» **Exercise**
Leave out every picture and set down, exactly, the lines below from the one holding "A general view" up to and including the one holding "Drift collisions".

» **Input**
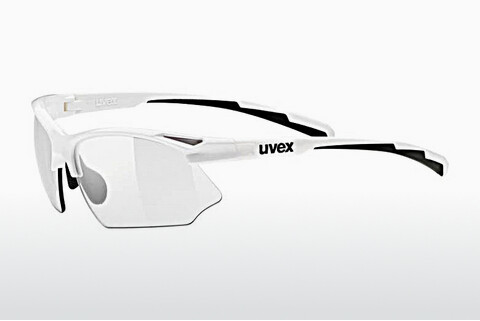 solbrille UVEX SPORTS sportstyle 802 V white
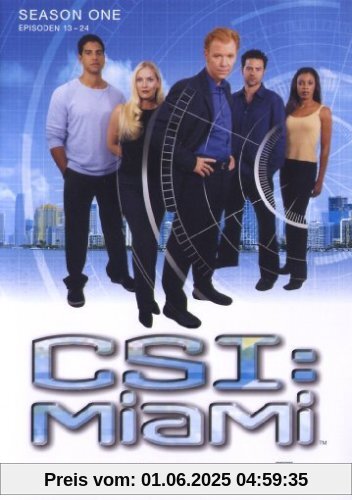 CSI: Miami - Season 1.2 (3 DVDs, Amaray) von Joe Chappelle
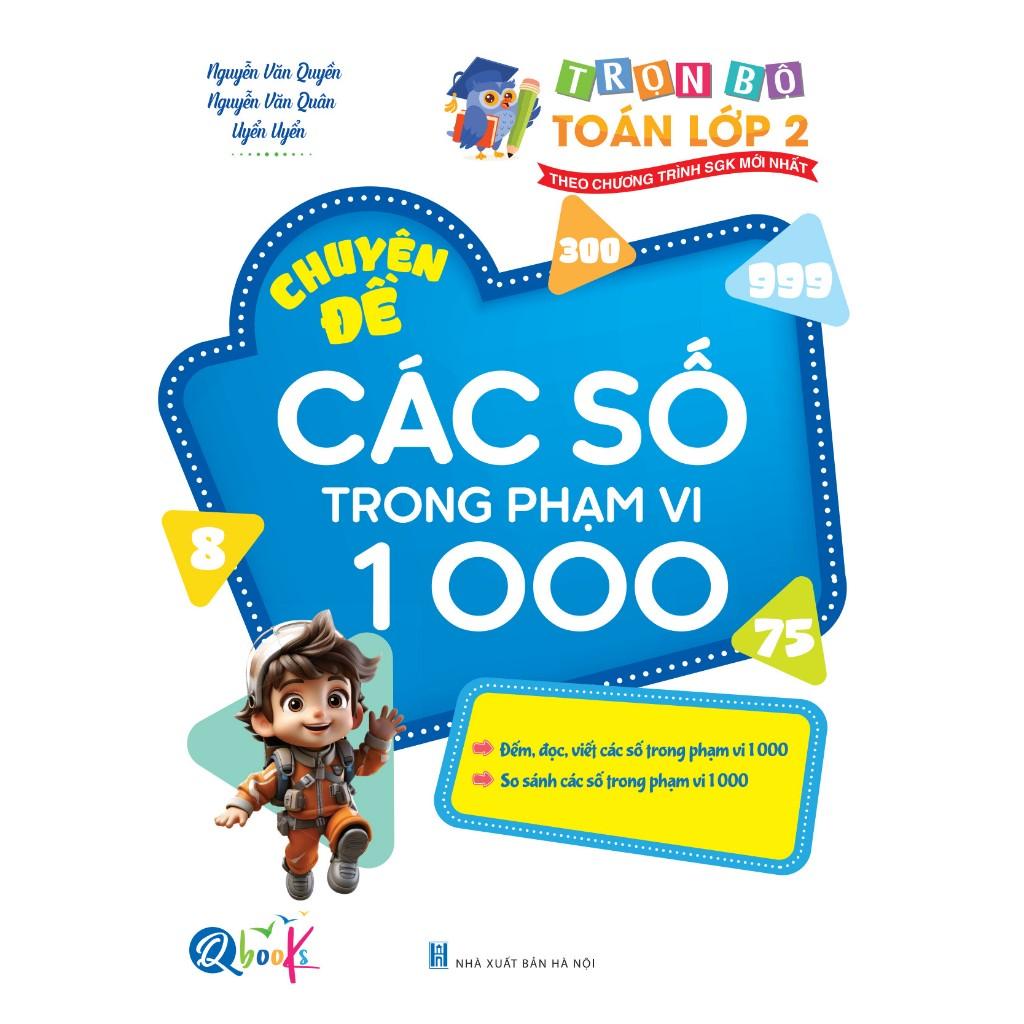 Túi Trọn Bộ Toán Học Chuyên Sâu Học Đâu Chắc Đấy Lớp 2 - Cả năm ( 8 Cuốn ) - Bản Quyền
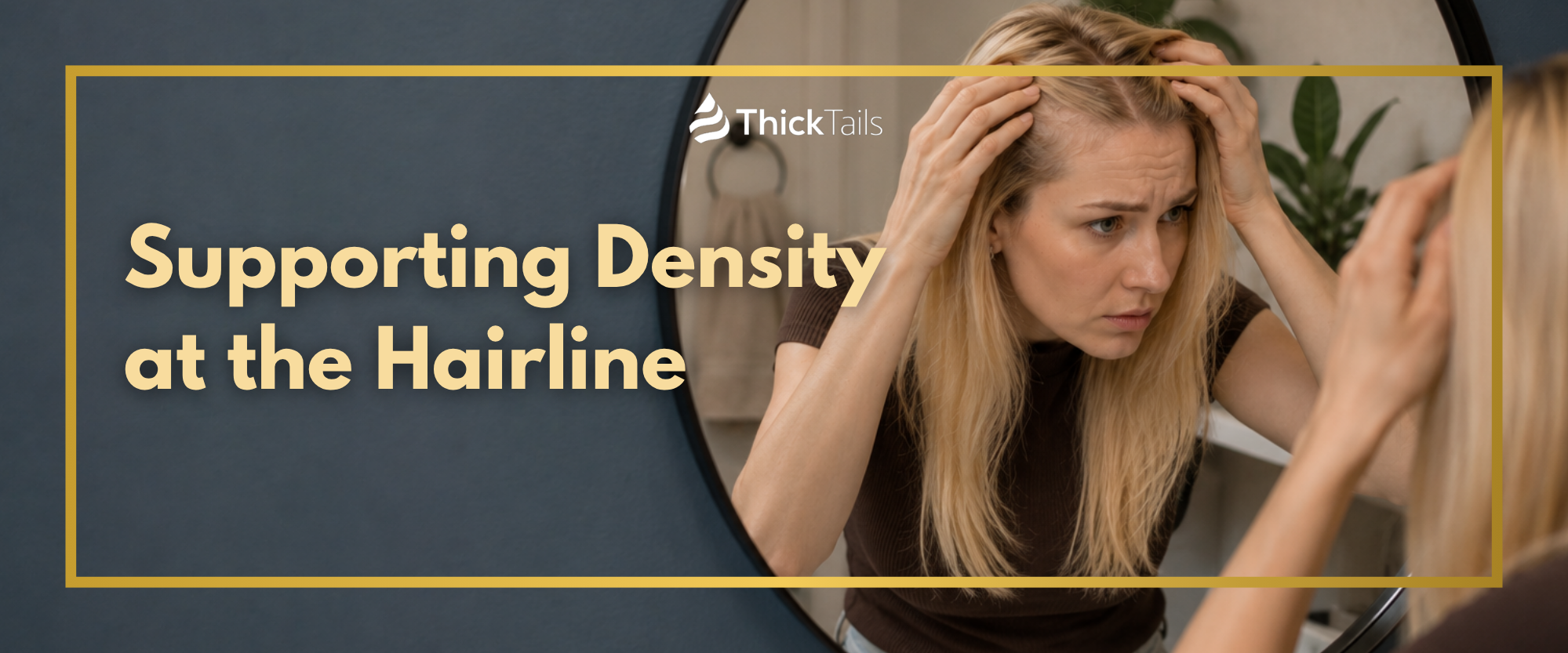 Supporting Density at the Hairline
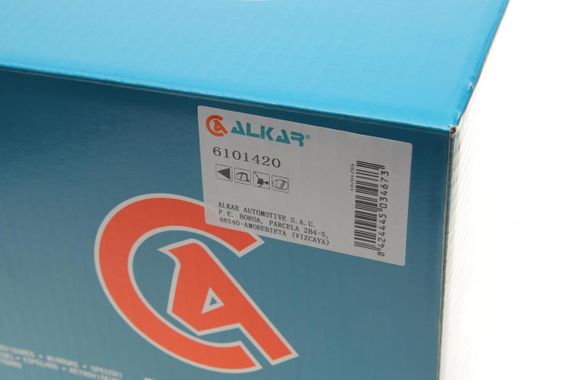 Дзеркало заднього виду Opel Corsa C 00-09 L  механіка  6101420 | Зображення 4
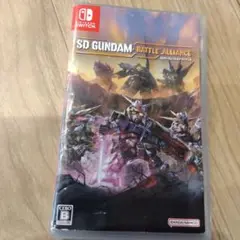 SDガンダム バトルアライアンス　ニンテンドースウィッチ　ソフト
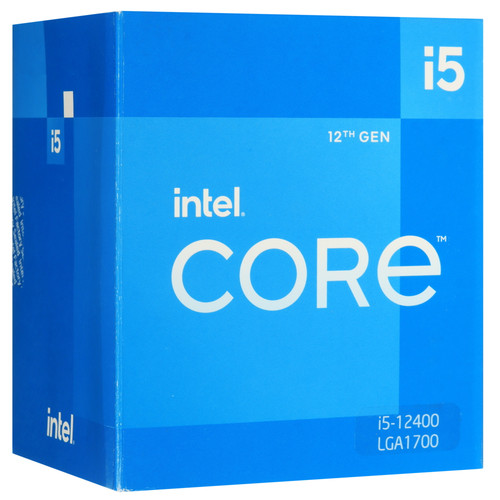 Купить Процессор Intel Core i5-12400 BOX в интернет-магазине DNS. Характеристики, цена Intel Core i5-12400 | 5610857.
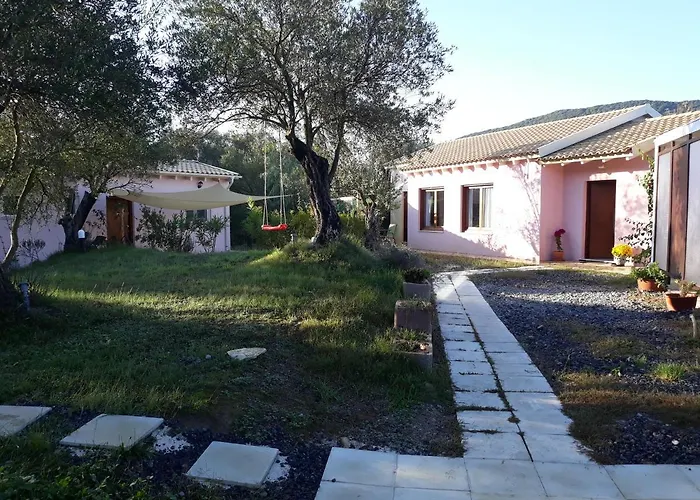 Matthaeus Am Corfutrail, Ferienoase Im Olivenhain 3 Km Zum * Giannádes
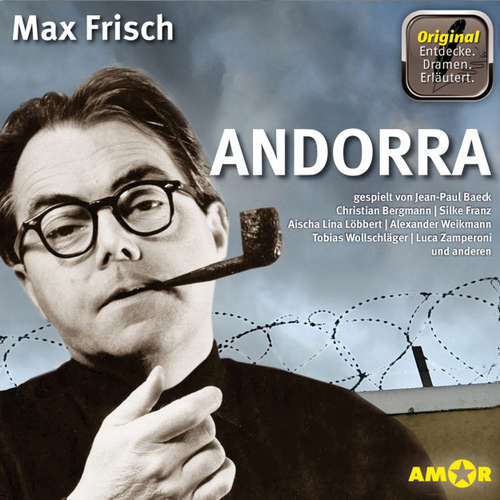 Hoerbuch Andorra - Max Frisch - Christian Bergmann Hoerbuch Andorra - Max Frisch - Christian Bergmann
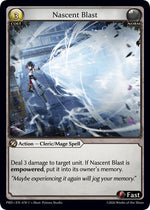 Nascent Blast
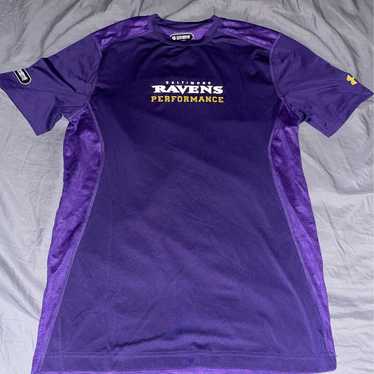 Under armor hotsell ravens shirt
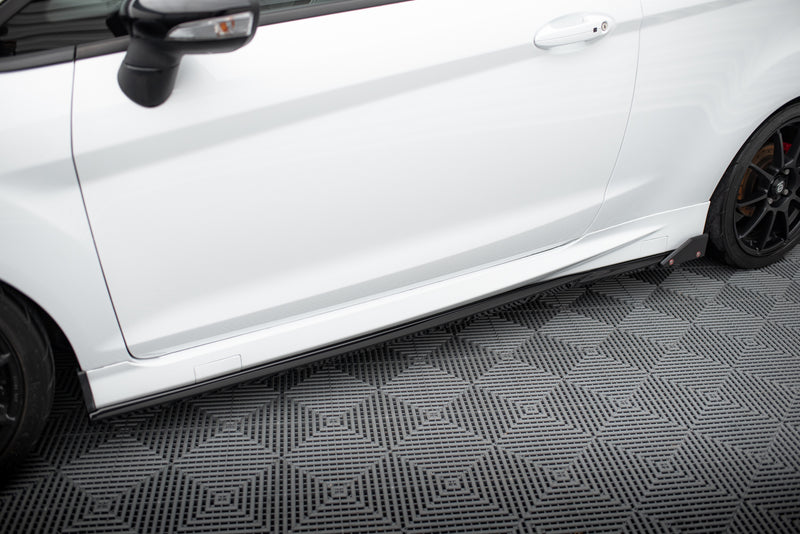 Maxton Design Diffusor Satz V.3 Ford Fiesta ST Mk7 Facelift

==

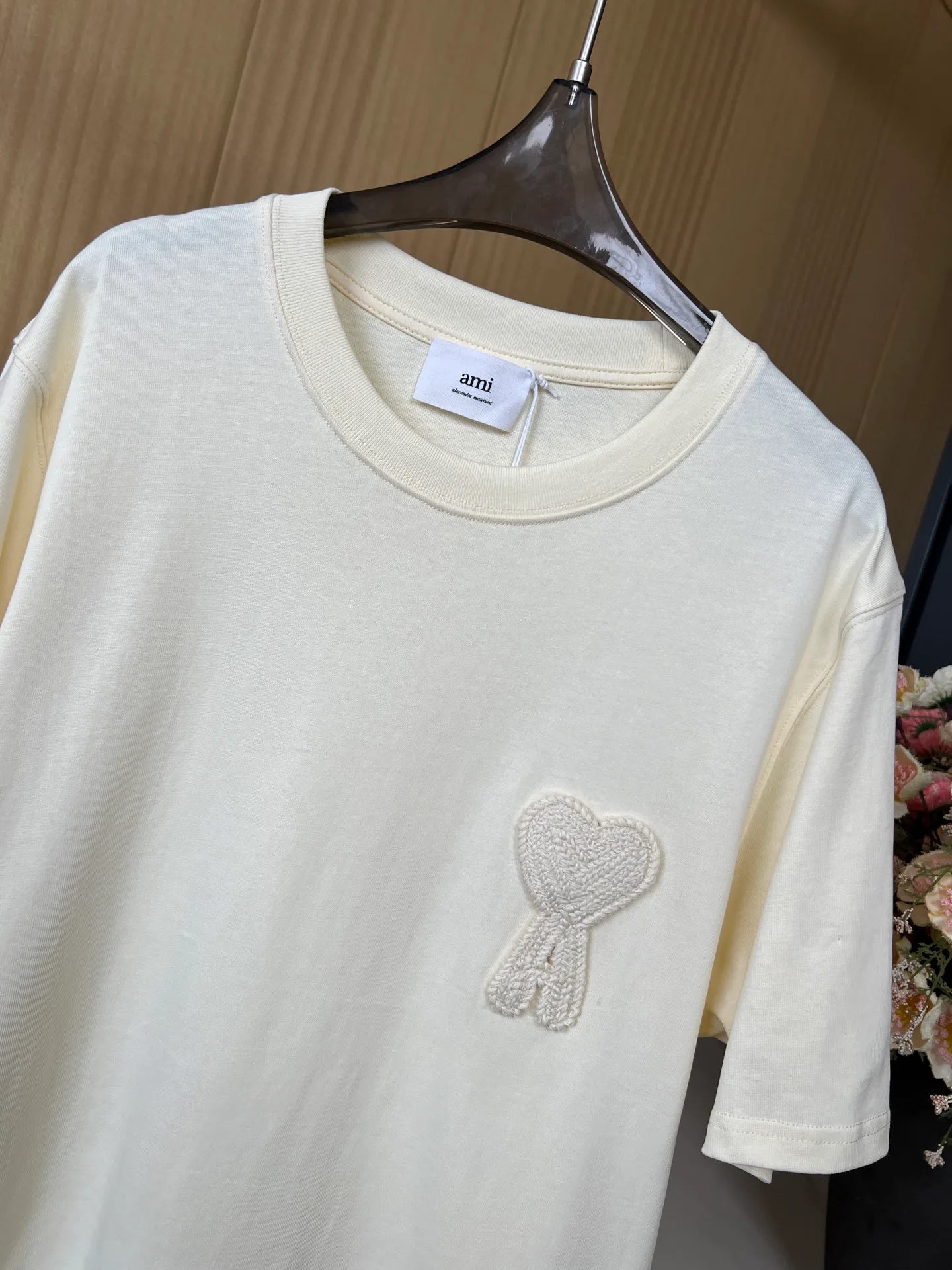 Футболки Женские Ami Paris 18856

* * *

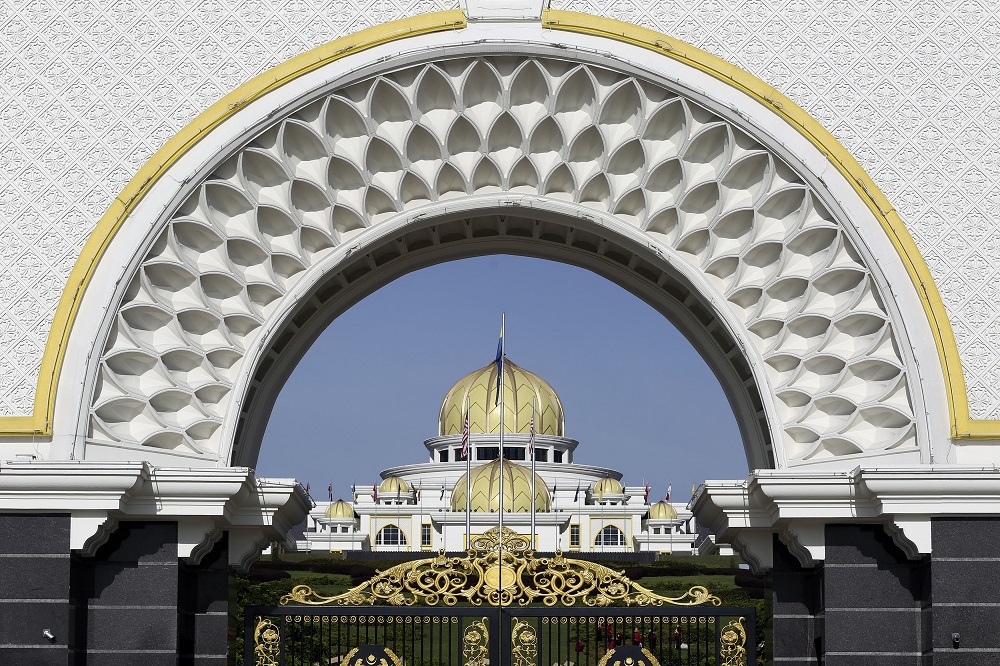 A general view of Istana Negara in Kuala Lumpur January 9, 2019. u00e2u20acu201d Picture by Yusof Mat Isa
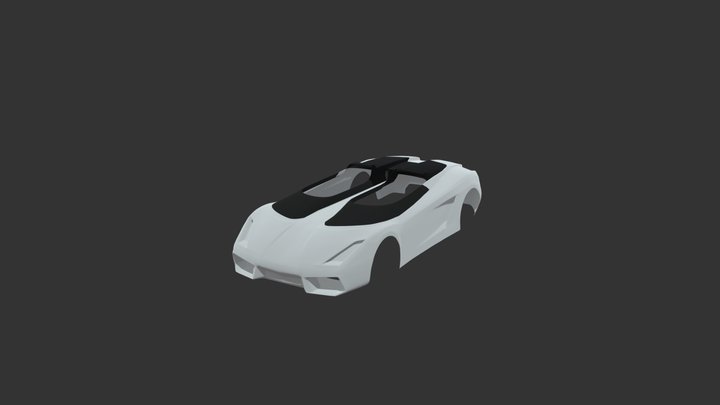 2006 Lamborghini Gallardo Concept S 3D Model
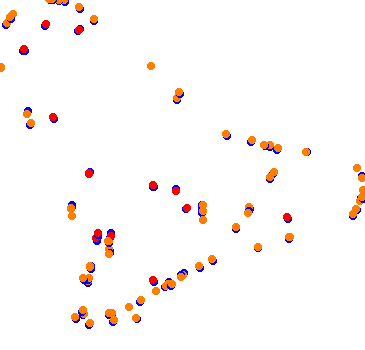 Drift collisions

» **Solution for this task**
 A general view of Istana Negara in Kuala Lumpur January 9, 2019. u00e2u20acu201d Picture by Yusof Mat Isa
 2006 Lamborghini Gallardo Concept S 3D Model
 Drift collisions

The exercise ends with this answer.